Haunted house attraction in Missouri, U.S.

Edge of Hell is an American haunted house attraction located in the West Bottoms district of Kansas City, Missouri. It has been in operation since 1975, and is the longest-running operating commercial haunted attraction in the United States.

==History==
The Edge of Hell first opened in 1975 by Full Moon Productions, operated by Monty Summers and his family. The attraction originally opened in the River Market area of Kansas City before relocating to Seventh and Wyandotte in the downtown area. In 1988, the attraction moved to a warehouse building over a century old in the West Bottoms district. It remains operated by Full Moon Productions and operates within a complex in the West Bottoms that also features The Beast and Macabre Cinema.

==Attraction==
The Edge of Hell's experience is themed as a sequential journey through purgatory, heaven, and into hell. Many of the scenes focus on phobia-based thematic elements, which include claustrophobic spaces and rooms engineered for sensory effects, such as a vortex tunnel, pitch-black mazes, and a physical descent from the attraction's high point via a five-story spiral slide themed as a fall from heaven to hell. The attraction also features live animals in several scenes, including live rats and a "Rat Man" character.

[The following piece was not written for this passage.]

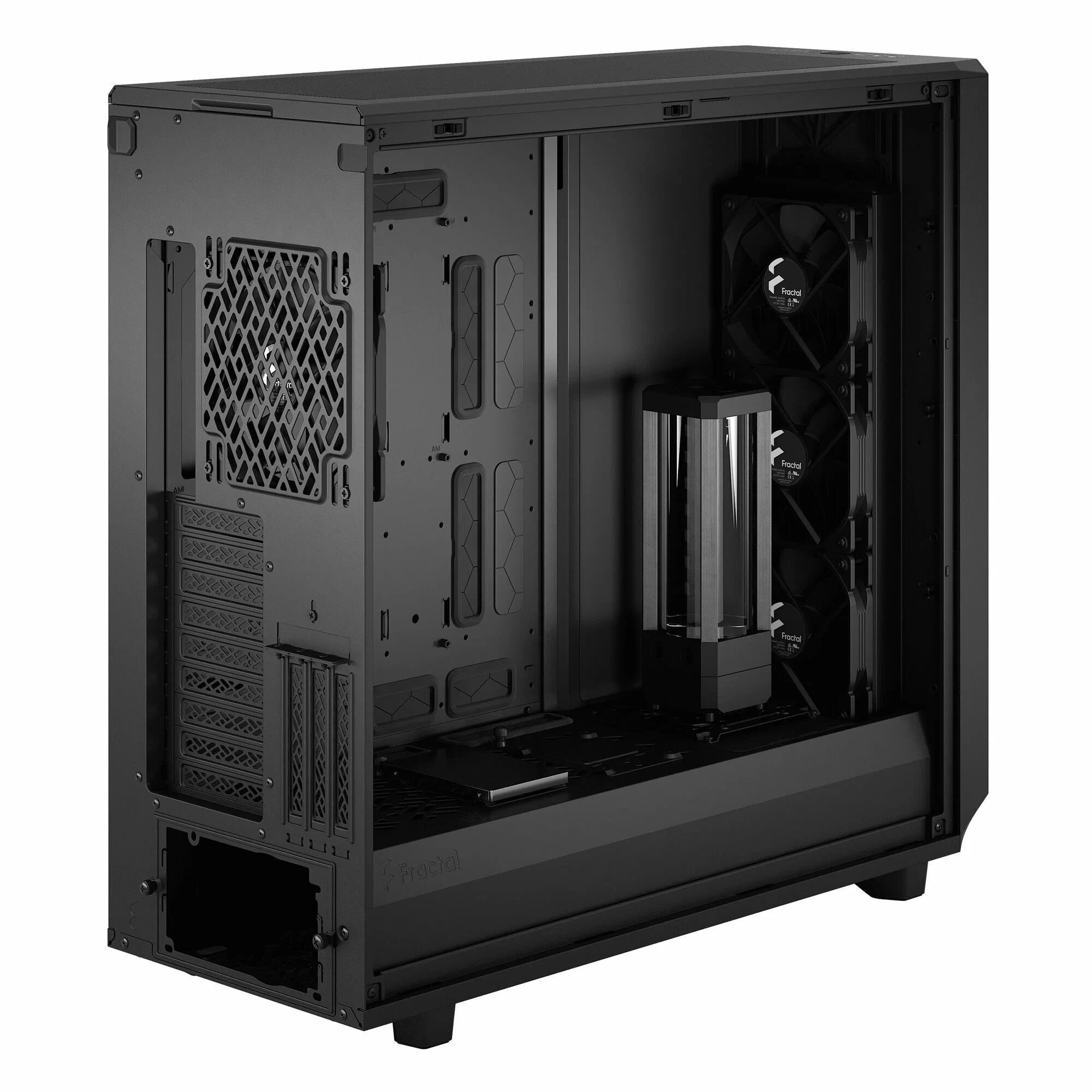 Компьютерный корпус Fractal Design Meshify 2 XL Черный TG Light (FD-CMES2-X02)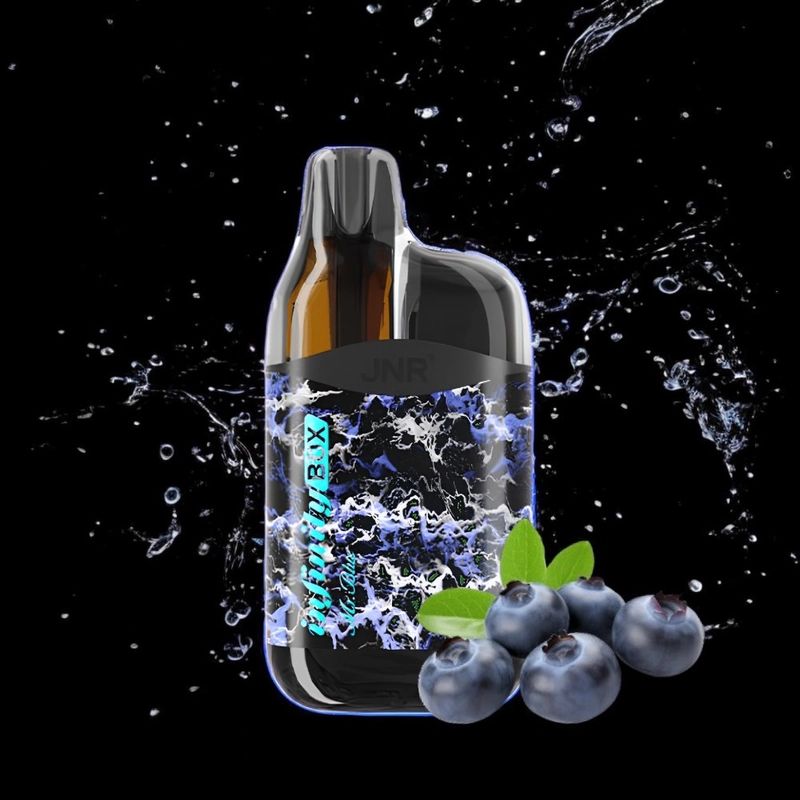 JNR INFINITY BOX Grape Ice: The Sub-Ohm Powerhouse Disposable You Can’t Ignore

The attraction also features Medusa, a reticulated python. Guinness World Records measured Medusa at 7.67 m on October 12, 2011, listing her as the longest captive snake ever recorded; the attraction reports that she has grown since that measurement.

== Reception and awards ==
In 2012, HauntWorld listed Edge of Hell together with The Beast (which is also in Kansas City and operated by the same company) as 10th in its list of top 13 best Haunted Houses in America.

The Travel Channel listed the Edge of Hell in its feature on America's Scariest Halloween Attractions.